==== STORED DATA

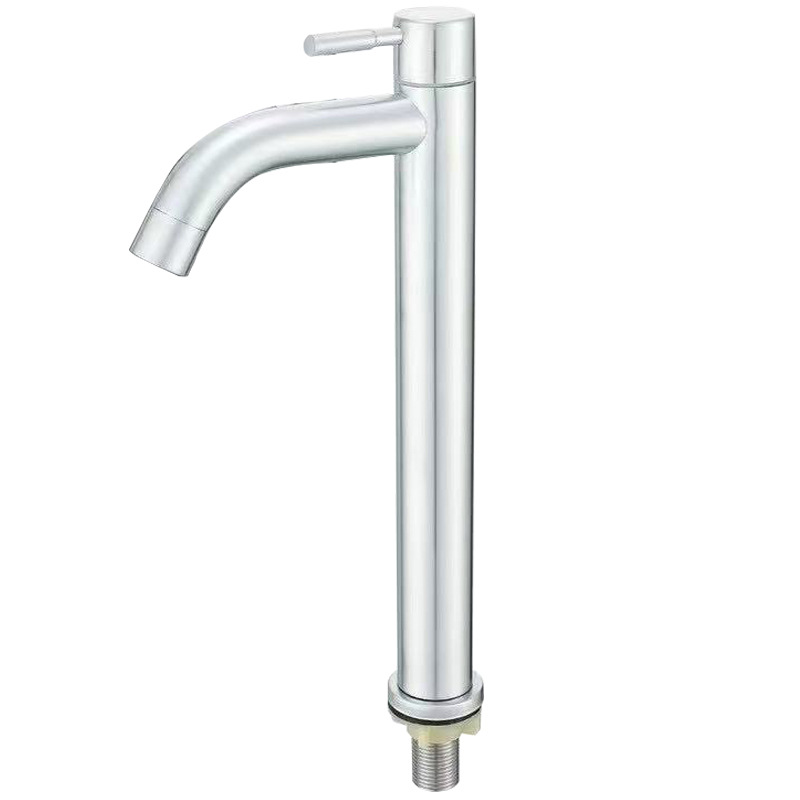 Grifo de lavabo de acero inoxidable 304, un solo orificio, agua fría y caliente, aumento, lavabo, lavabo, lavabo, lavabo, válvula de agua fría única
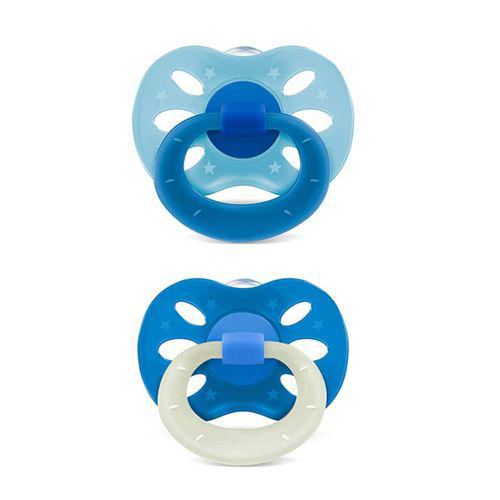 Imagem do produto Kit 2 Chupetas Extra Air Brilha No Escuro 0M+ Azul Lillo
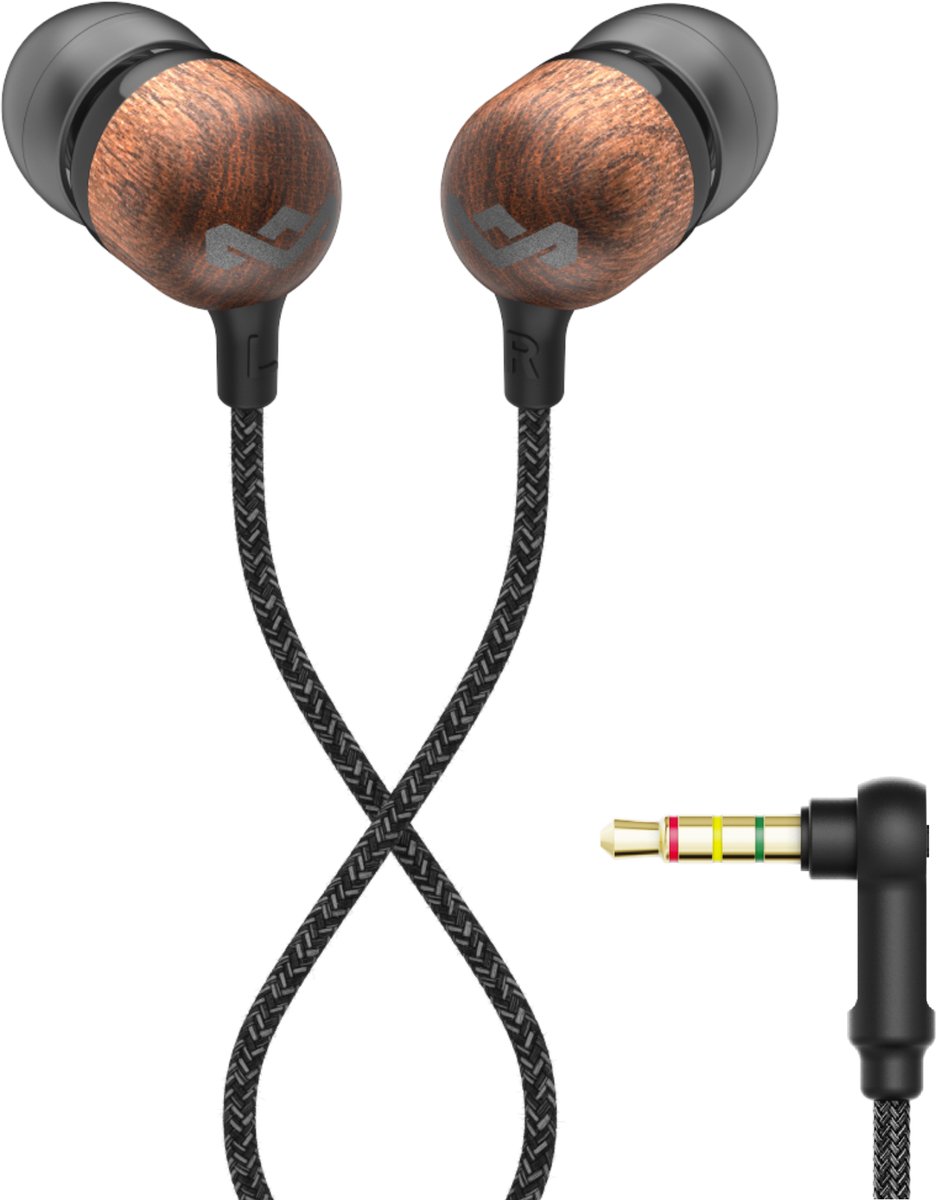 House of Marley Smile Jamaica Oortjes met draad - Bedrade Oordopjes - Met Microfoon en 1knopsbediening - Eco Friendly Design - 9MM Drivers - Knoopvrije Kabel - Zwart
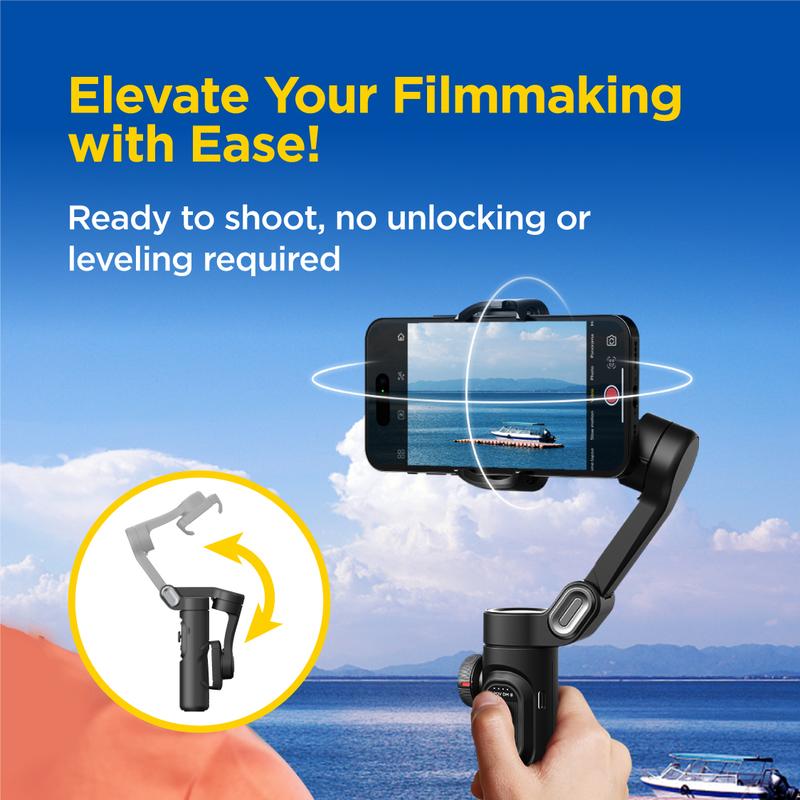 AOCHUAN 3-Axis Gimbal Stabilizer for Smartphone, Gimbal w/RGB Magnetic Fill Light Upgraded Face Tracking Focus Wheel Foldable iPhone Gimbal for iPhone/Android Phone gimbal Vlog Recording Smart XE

========

Each line from the one containing "Imagem do produto" through the end of the listing is to be set down exactly, with all pictures left out.

 Imagem do produto Kit 2 Chupetas Extra Air Brilha No Escuro 0M+ Azul Lillo
 House of Marley Smile Jamaica Oortjes met draad - Bedrade Oordopjes - Met Microfoon en 1knopsbediening - Eco Friendly Design - 9MM Drivers - Knoopvrije Kabel - Zwart
 AOCHUAN 3-Axis Gimbal Stabilizer for Smartphone, Gimbal w/RGB Magnetic Fill Light Upgraded Face Tracking Focus Wheel Foldable iPhone Gimbal for iPhone/Android Phone gimbal Vlog Recording Smart XE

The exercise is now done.